Boys From East Fork.
     "In 1877, there were residences on big lots on both sides of Main street, between Harwood street and the Central Railroad.  Dr. Ewell, a fine old gentleman, had his dwelling in the middle of the block on the north side of Main street, between St. Paul and Harwood, and owned the block.  The Sun Hotel, which looked as if it were trying to get out on the street, was on the northeast corner of the Ewell block.  A big wagonyard occupied the greater part of the block on the north side of Elm, east of Harwood.  Mr. Barr, the owner of the wagon yard, sold the land to Major Caven, and later on, the Major sold it to the Anheuser-Busch Company for $20,000.  The sale was the talk of the town, for it appeared to most of us conservatives that the purchasers were insane.  I imagine $500,000 would not touch the property today.  The land east of the Houston & Texas Central Railroad was full of cattle pens, hog pens, pastures and corn fields; with Carter's stockyards, at Elm and Crowdus, as the highlight.  There, the local butchers and other buyers of cattle and sheep met the producers and made their trades, and there, the boys from Scyene and East Fork rode their horses into the saloon and yelled and fired their pistols, as they galloped up and down the road.  The boys did carry on outrageously and gave the place a bad name, but there was little, if any, bloodshed out that way, except at the butchers' slaughter houses, and I am inclined to think that the boys were like a great many other people, in that they desired credit for qualities which they did not really possess.  They were bad, only in form; at heart, I think they were a very good set of fellows.

Mother McCormick.
    "Jacob Nussbaumer had a pasture and a slaughter house southeast of the stockyards, and a meat market downtown.  Other prominent butchers in 1877, were Louie Lenwey, whose market was on Main street in the Sanger block, and Mr. Oppenheim, whose market occupied the lower floor of the City Hall, at Main and Akard streets. Mother McCormick, a remarkable woman, ran a brickyard on East Elm street and built the stone house still standing at Elm and Crowdus streets.  She was not only a financier, but a mechanic, and full of energy.  She always did more work than any mechanic or laborer she employed, and did it better than they.  She laid, with her own hands, the greater part of the stones in the building.  Another widely known character we had on East Elm for some time, was the feed store man, known as Arkansaw J. J. Osborn.  He had, from an early day, run a feed store on the courthouse square, where he sold to the covered-wagon people.  In the course of a few years, hijackers held him up four or five times, never getting less than $200 or $300 from him.  They seemed to keep an eye on him and to know when he was ripe for a touch.  He finally moved his establishment to Ross and Central avenues, and was one day found dead in his store.  Cook & Holman established a lumber yard near the stockyards in the eighties, and about the same time, Holloway erected the building for his seed store at Elm and Crowdus.  Elliott's lumber yard and planing mill, at Hawkins street and Central avenues, was there at an early day.

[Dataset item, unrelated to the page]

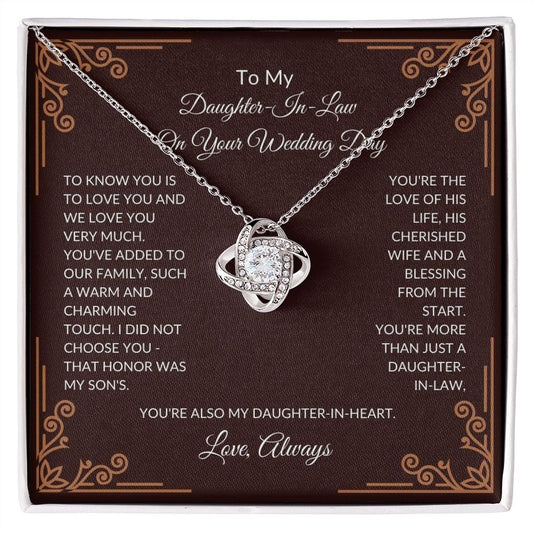 Daughter-In-Law - On Your Wedding Day - Love Knot Necklace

     "By 1880, a string of business shacks had appeared on both sides of Elm street, west of the Union Depot.  Barney Brin erected a two-story brick on the present Dysterbach corner and opened in it, the first store in that neighborhood.  Soon afterward, Mrs. Burton put up a two-story brick store, three doors west of the Brin building. Between these buildings and the railroad, there was a lumber yard. Fire, starting in the lumber yard, one day, destroyed the stock of lumber and the row of shacks on the west side of the Union Depot platform, including the Strother Hotel and a dozen saloons.  The Union Depot, in those days, was the busiest spot in Dallas, and the saloon and small restaurant business was brisk.  Mike Rowan's saloon, on the corner, near which, there was a variety theater, was a popular resort.
     "I went into the hardware business for myself in 1885, and have been in it, continuously, ever since.  I am the oldest hardware merchant in town.  There were hardware stores here before my time, but none of the hardware merchants are living.  When I came, there were between 7,000 and 8,000 people in Dallas.  I see, by The News, one day last week, that we now have 225,000.  My private opinion, is that it would be easier to prove that we have 225,000, now, than it would have been to prove that we had 8,000 in 1877."

- August 12, 1928, The Dallas Morning News,
Automobile Section, p. 7, col. 1-3.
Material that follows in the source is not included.